My Lords, I beg to move that the National Insurance (Industrial Injuries) (Colliery Workers Supplementary Scheme) Amendment and Consolidation Order 1970, the draft of which was laid before this House on February 5, be approved. This Order amends the Colliery Workers Supplementary Scheme which was set up in 1948 at the request of both sides of the coalmining industry. As your Lordships may know, the Scheme has provided supplementary benefits for colliery workers, and their dependants, who receive benefit under the Industrial Injuries Scheme for accidents and diseases arising from colliery employment. It is administered by a National Committee comprising equal numbers of representatives drawn from both sides of the industry. The cost of the benefits and administration has been borne by a fund formed by contributions from the National Coal Board and the colliery workers.

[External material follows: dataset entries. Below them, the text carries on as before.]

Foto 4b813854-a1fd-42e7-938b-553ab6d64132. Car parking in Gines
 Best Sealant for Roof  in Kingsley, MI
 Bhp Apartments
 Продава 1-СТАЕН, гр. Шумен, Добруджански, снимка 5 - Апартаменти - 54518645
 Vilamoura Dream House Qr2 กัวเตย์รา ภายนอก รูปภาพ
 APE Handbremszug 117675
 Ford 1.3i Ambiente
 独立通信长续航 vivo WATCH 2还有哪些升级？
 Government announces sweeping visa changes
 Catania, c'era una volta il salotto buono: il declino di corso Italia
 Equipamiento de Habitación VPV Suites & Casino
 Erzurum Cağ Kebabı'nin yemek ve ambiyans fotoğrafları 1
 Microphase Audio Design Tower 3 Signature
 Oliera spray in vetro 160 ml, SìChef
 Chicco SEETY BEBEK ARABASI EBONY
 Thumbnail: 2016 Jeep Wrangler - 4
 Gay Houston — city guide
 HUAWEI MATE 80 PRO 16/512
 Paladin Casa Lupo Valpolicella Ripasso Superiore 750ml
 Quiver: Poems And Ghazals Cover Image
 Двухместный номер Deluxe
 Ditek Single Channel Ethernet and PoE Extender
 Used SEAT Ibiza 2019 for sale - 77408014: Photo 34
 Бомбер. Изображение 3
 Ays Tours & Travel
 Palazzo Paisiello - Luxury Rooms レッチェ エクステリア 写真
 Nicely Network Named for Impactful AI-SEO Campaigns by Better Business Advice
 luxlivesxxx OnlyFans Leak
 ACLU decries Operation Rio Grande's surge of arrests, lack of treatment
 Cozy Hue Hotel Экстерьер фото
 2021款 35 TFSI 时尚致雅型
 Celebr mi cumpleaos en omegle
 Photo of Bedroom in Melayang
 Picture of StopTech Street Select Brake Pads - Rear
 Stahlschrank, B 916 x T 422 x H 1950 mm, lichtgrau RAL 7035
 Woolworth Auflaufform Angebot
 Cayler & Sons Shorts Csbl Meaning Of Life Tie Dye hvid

Your Lordships may recall that during the past three years, at the request of the National Committee, several amending Orders have been approved which have held the rates of supplementary benefit paid under the Scheme to those applicable before October, 1967. During this time negotiations have been taking place about this and the industry's other benefit schemes. Agreement has now been reached between the National Coal Board and the unions concerned and the present Order is designed to give effect to that agreement as it affects the colliery workers' scheme. The Scheme will, in the main, continue to provide for existing beneficiaries, and for those who, in future, become entitled to its benefits by reason of past accidents. But for the future those who suffer colliery accidents or diseases will rely on the improved benefits of the industry's sick pay and pension schemes to supplement the benefits provided by the State schemes.

The present Order amends the Scheme so that accidents happening or diseases developing on or after March 30, 1970, will not be covered by the Scheme and supplementary injury benefit will not be paid for any day after March 28, 1970. If an accident occurs or a disease develops before March 30, 1970, the Order provides that supplementary disablement or death benefit will continue to be paid at the current rates. Because the Scheme will not apply to future accidents or diseases, the existing contribution arrangements would not be appropriate, and the agreed amendments provide for these to be replaced by a contribution from the National Coal Board only. The Board will pay £125,000 for each of its accounting periods—that is, about £1,500,000 a year. This is the sum which the Government Actuary (he is also the Scheme's actuary) has advised is currently needed to enable the fund to meet its continuing liabilities to existing beneficiaries. Provision is made in the Order for this sum to be revised as the Actuary from time to time may certify necessary. The National Committee's powers to invest the fund are revised to align the Scheme's investment policy with those of the Mineworkers' Pension Scheme and the National Coal Board Staff Superannuation Scheme. Other amendments are of a minor character or are a con-sequence of the changes I have mentioned.

My Lords, the Order now before the House represents the wishes of both sides of the National Committee administering the Scheme, and results from the detailed negotiations between the employers and the unions concerned. I beg to move.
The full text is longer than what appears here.